Combine that with the institutions created to supply the navy and industrialization.

@darkling @cstross

@peterbrown Industrialization includes enclosure; private property was already extending, agriculturally, to a whole lot of things that had been historically common, but now it's coal seams and iron ore and so on. Extractive norms get added to the mix. ("I have the right to nigh-all the profit from extraction based on a philosophical abstraction"; this is a more or less linear progression from pirate->colony->mineral rights.)

@darkling @cstross

@peterbrown From 1860 for about the next century there's a hiccup, because from 1860 or so power rests on rifle regiments (and after 1914, industrial mobilization) and you have to get the majority of the male population to believe they're in on it; thus the Century of the Common Man, universal suffrage, and so on.

This ALSO involves the maximum territorial expansion of territory under colonial (=purely extractive) administration, because rifle regiments are North Atlantic.

@darkling @cstross

@peterbrown From there you get the VLSI Oops, the resulting gold rush, displaced incumbents (or at least incumbents with rivals), and the semblance of innovation. The problem is the only actual innovation was to create a global panopticon, and suddenly the administrative possibilities, stuck on quill-pen-and-ledger for millennia, change. Which means the kind of state you can have changes, and the whole progression has been toward extraction.

@darkling @cstross

@peterbrown All wealth arises from work and if you want to be really rich you have to capture the work of others, which means the whole progression of the norms of enclosure (which are functionally a selection pressure; the better you are at this, the greater your relative success, and that includes "my culture colonizes effectively so children born to it eat better") is about "how much of this person's life span can I structurally compel them to use for my purposes?"

@darkling @cstross

@peterbrown It's not precisely slavery; or at least, it doesn't have the chattel aspects. It's just really hard to do anything but the stuff that surrenders your lifespan to another's purposes, because the penalties for non-compliance are death by exposure or starvation.

And this really gets going as an identifiable, post-aristocractic-autocracy stultification thing, with the Pirate Kingdom of Elizabeth I and just kept rolling on selective advantage thereafter.

@darkling @cstross

@graydon @darkling @cstross “all wealth arises from work” - yes, but once there is a feudal overlord, they take their cut.
My point was that pre-feudalism it more resembled a patriarchy or a team. If you supported another member, it was because you wanted to not because you were forced to.
But post feudalism there is an obligatory trickle-up.

@peterbrown Pre-feudalism we could have the Divine Augustus or Sargon of Akkad! lots of direct taxes before the feudal period.

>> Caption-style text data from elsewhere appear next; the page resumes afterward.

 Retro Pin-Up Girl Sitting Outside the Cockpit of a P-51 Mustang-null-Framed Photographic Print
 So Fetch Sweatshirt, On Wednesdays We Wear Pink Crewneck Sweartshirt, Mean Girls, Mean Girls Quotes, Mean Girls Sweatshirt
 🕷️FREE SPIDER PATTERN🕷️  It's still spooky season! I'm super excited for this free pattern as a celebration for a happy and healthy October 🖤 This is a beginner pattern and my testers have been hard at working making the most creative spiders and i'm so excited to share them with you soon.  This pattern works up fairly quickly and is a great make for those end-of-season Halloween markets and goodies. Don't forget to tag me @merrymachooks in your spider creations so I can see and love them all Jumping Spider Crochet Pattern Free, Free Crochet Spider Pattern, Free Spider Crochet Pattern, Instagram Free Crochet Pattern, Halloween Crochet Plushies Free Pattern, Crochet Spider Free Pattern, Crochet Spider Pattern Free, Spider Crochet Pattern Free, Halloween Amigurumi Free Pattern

The thing I'd consider unusual about feudal taxes would be a combination of hierarchy-by-public-oaths (effectively contracts) and the change from a gift culture setup (the king gives you stuff, including land tenure, for service) and the creation of permanent land tenure by Christianity. (Can't give a temporary gift to an eternal god.)

@darkling @cstross

@graydon @darkling @cstross yes, well I can’t vouch for other countries, but in Scotland that occurred in the beginning of the 12th century. And from that point you can see a steady unstoppable growth of wealth both in the nobility and the church (who were also feudal overlords).
 Hence my comment that it’s the beginning of trickle up economies.

@peterbrown I think that's more bookland/charter land (=permanent tenure for entities smaller than a sovereign, aka it's not a gift economy where the king rewards service but it all resets when anyone involved dies) rather than feudalism as such; feudalism works pretty well, and arguably better, pre-bookland.

And, yes, growth of wealth because this is the invention of private property. It's enclosure zero, the idea that land is a thing you can own. (As distinct from hold.)